J’ai été privé de mutinerie et de meurtre. J’ai été rendu aux miens que
je n’avais jamais quittés — ni mourant ni orphelin ni affamé —
je suis de la caste des réjouis sans entraves et tenu par la honte.
La
fillette se tient droite dans la femme. Elle est son fil de fer et son ossature.

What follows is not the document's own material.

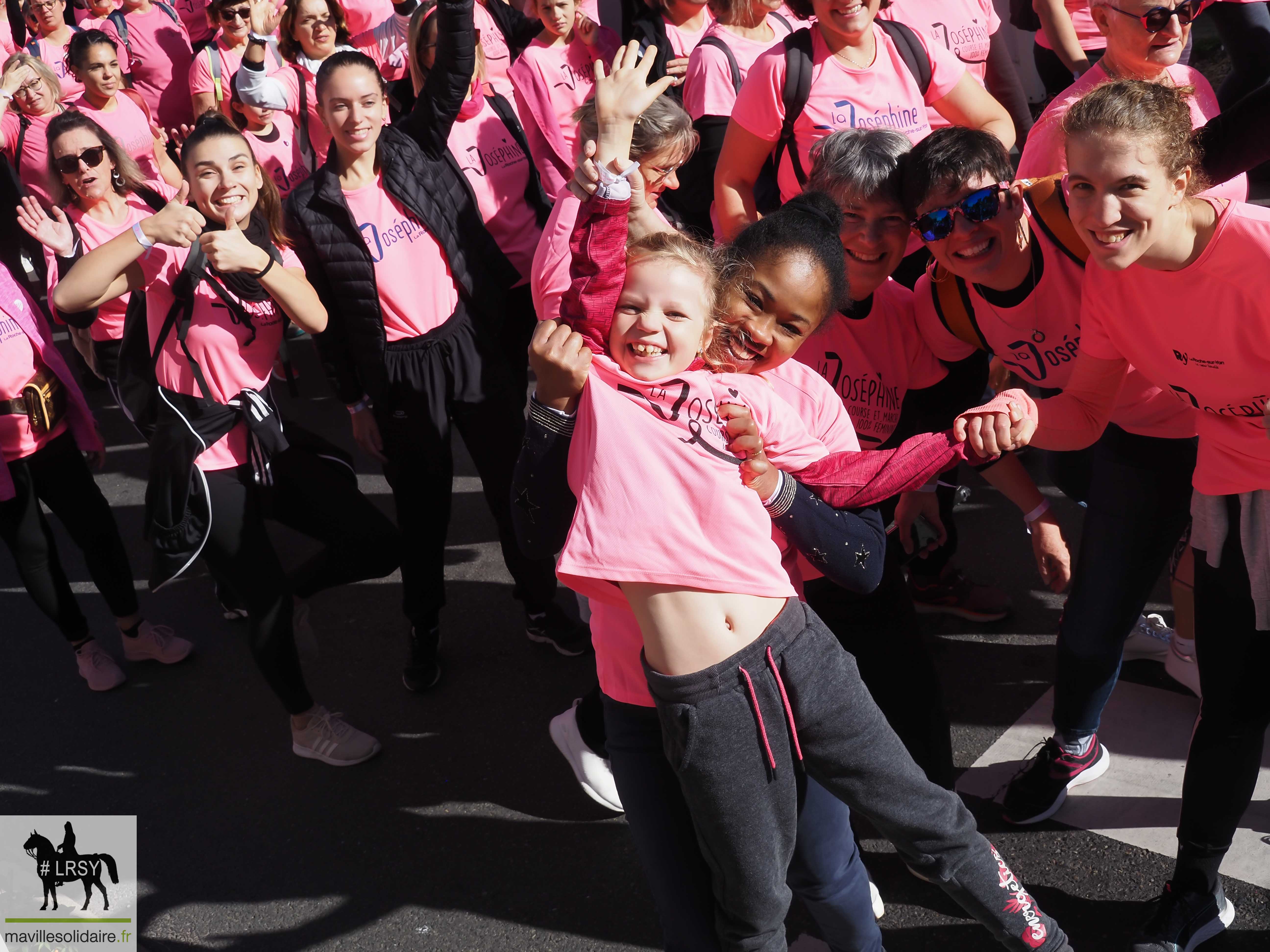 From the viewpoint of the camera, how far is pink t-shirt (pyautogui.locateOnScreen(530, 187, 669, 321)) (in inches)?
90.4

C’est la plus sérieuse et la plus attentive des deux. Elle lui donne son eau
et son vin. Elle résiste à la dissolution de mon regard et aux volutes de ma
langue. Elle tient bon. Elle tient à être la plus belle et la plus douce au
toucher. Elle tient entre elle et moi une ligne de partage suffisante au pas de
deux.
On
garde ses petits quant-à-soi dans des
malles pour plus tard. On accumule en creux des souvenirs d’oubli et des
phrases. Il faut bien tuer sa jeunesse une première fois pour survivre. Il faut
bien renoncer entièrement à tous les meurtres qu’on tient entre ses mains et
dans sa bouche et dans son regard et dans la langue avec laquelle on tue. Et moi
je suis où dans ce échellement ?
Moi
aussi j’ai été jeté de l’autre côté de l’œil avec mon barda qui
m’encombre entre les jambes. Moi aussi j’ai été jeté au ruisseau comme
n’importe qui moi aussi. Et ça me tient en éveil et en vie de le dire. Ça
me porte sinon je sombre et vais donner de la bectance aux poissons et disparaître
des yeux, des bouches et des oreilles. Moi aussi, maman, j’ai été abandonné
moi aussi.
Elle
court contre les limites des murs et des champs. Elle jaillit tout d’un coup
comme si elle jaillissait hors la langue. Elle aussi. Comme les morts, comme les
relevailles. Comme si elle faisait machine arrière et que le sens du temps soit
rompu. Elle sort du féroce canevas que ses sœurs ne cessent de tisser. Elle
leur échappe à elles aussi. Elle fait peur aux ingénieurs et aux ingénieuses.
Elle
fait défaut la danseuse aux semelles de corde. Elle fait défaut au temps. Elle
s’immobilise. Elle fait défaut à la légèreté de l’âme et pèse de tout
son poids dans la matière du sol et de n’importe quel plancher qui s’offre
à elle. Elle fait défaut au déroulement textile et organisé de la phrase.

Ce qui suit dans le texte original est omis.